You do need a safety school or two, given the long odds. ASU and U of A are both fine law schools that’ll be a hell of a lot easier to slide into than the others. Don’t forget to apply to them, or another safety school of your choosing.
Oh yeah, here’s the site I got all this acceptance data from:
I currently am shadowing a lawyer here in Canada, and am trying to take electives such as sociology and political science which is what law schools here tend to look for on a transcript. I have not yet taken the LSAT, but have started studying for it and will continue to do so for the next year or so. I feel quite confident in my chances of scoring high enough to satisfy admissions at these schools.
I’m definitely not saying you can’t do it, but I do want to manage your expectations. It won’t be easy — you’ll have to have a killer score on the LSAT and a killer GPA to make it. Study hard, good luck! Let us know how it goes!
If you could give me any advice on this, it will be greatly appreciated. Thanks again, Judge Josh!
You bet. Good luck!
15 thoughts on “From Canada to Harvard Law School?”
Hang on a minute! There are some seriously awesome universities in Canada, and for the record, many don’t say “ooh! ahh!” to several American standards. I am a Canadian who is studying this semester at University of Arizona, 1) for the diversity experience and (2) (selfishly) escaping the nasty Canadian winter. While I’m enjoying my courses and see tremendous value in the Southwest ‘immersion’, I already know that my home university will not award full transfer of credits. Rebecca, you should really make sure you don’t burn any bridges.
I think the first question to ask is why are you considering Ivy League Law schools? What do you plan to do with the degree after you graduate? While there is a false sense of importance for Ivy schools, the reality is more and more employers are recognizing the uselessness of said degrees. Grade inflation at Harvard has made a degree from there equal to a diploma mill one.

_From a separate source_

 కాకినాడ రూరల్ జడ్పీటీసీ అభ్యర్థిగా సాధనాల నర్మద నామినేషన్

When I was young, Harvard degrees meant something because it was a quality school. It still has a rep that way with the less knowledgeable, but it has become a joke among those who are familiar with its grade inflation and other bad academic practices.

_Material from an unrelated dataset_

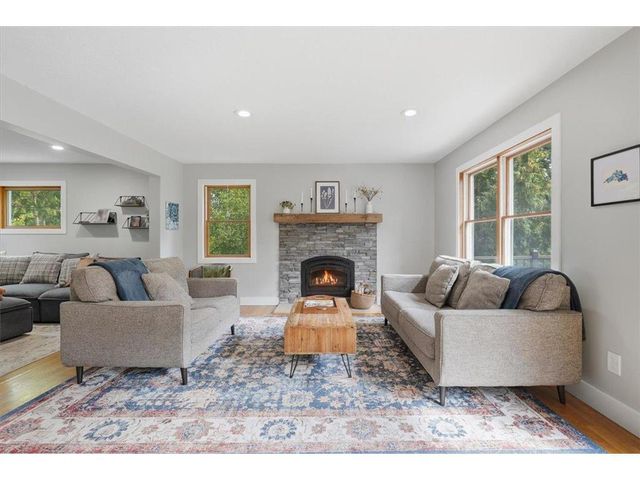 1516 Northridge Drive, Hudson, WI 54016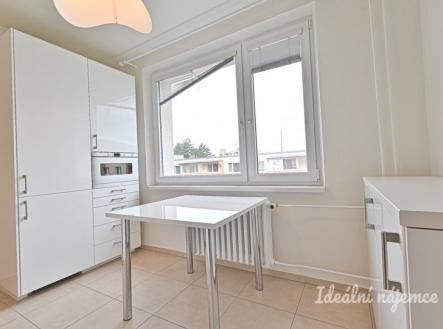 Pronájem bytu, 2+1, 54 m²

Another question is who’s paying for the degree? This follows on the first question because unless you get a free, or almost free, ride for going there, the cost is over $70K (based on estimates from HLS’s COA) for the last 9-month period and not set for 2011-2012.

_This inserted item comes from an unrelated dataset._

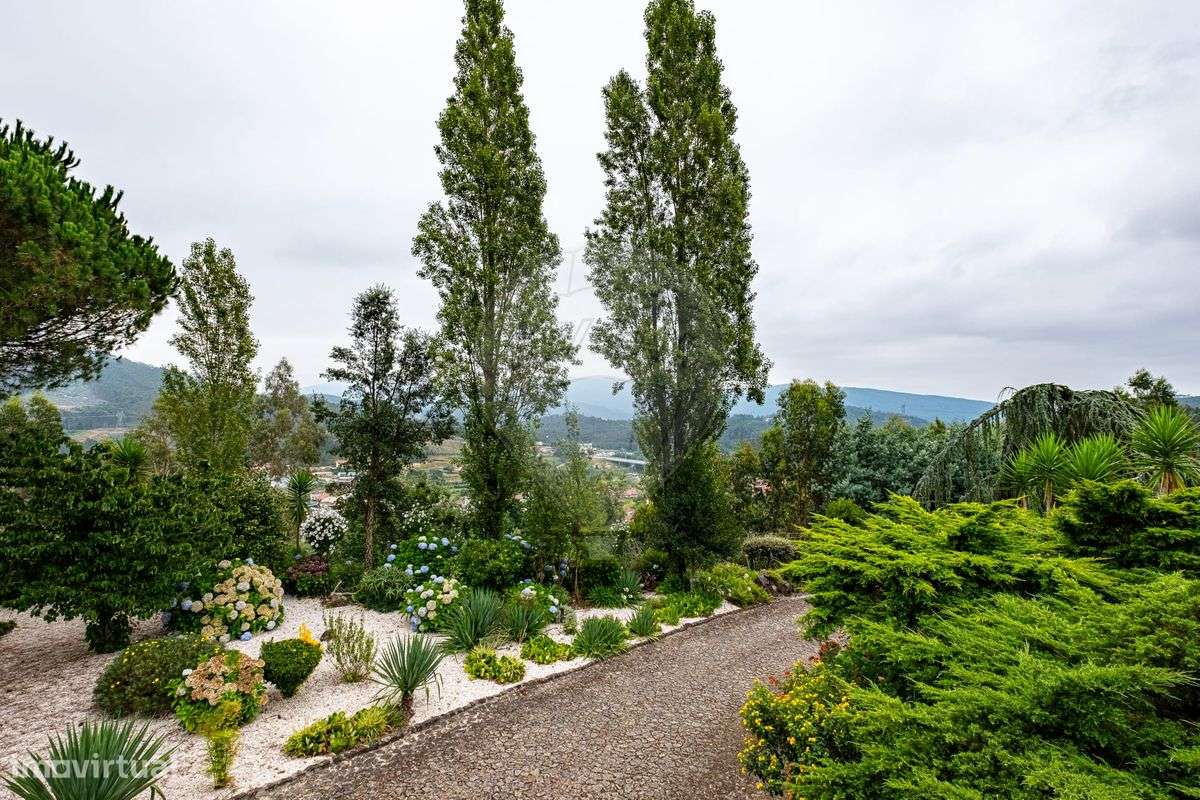 Moradia T4 para venda-5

I did some further research on HLS and its grading policy is even worse than I knew. It seems reducing stress over grades has resulted in what looks like a no-fail policy. The only question is which pass category you fall into. Many instructors ban laptops, and based on my personal experiences at many other schools, it is merited.
Another question is where are you going to practice law? Currently, 1 in every 300 of the US population are lawyers, not including various support personnel.
I feel the Judge’s most important comment has been about the low probability of getting into an Ivy League Law School. There’s nothing wrong with trying to get into them, but you need Plans B, C, D, etc. in the likelihood you won’t make it.
The ROI of attending Ivy League schools makes it a poor financial choice if you wind up owing huge student loans when you are done.
If you really want to get into HLS, you should give serious consideration to where you want to finish your undergrad degree.
Contrary to published information, who you know is very important to getting in. Proper connections can overcome where you get your Bachelor’s.
On the LSAT’s, the average of how many times you take the LSAT’s is another factor.
I’m not trying to discourage your goal, but I think it is important to realize the likelihood of success. HLS has been relying too long on its name, but the ever increasing number of sub-standard grads from the school is beginning to tarnish that name.
Thrity years ago, I would have hired a Harvard grad with the lowest passing GPA without hesitation. Now, one with a 4.0 is not going to get a second look from me unless they can show me something outstanding. I have always applied this concept to lesser schools, but now I apply it to all schools.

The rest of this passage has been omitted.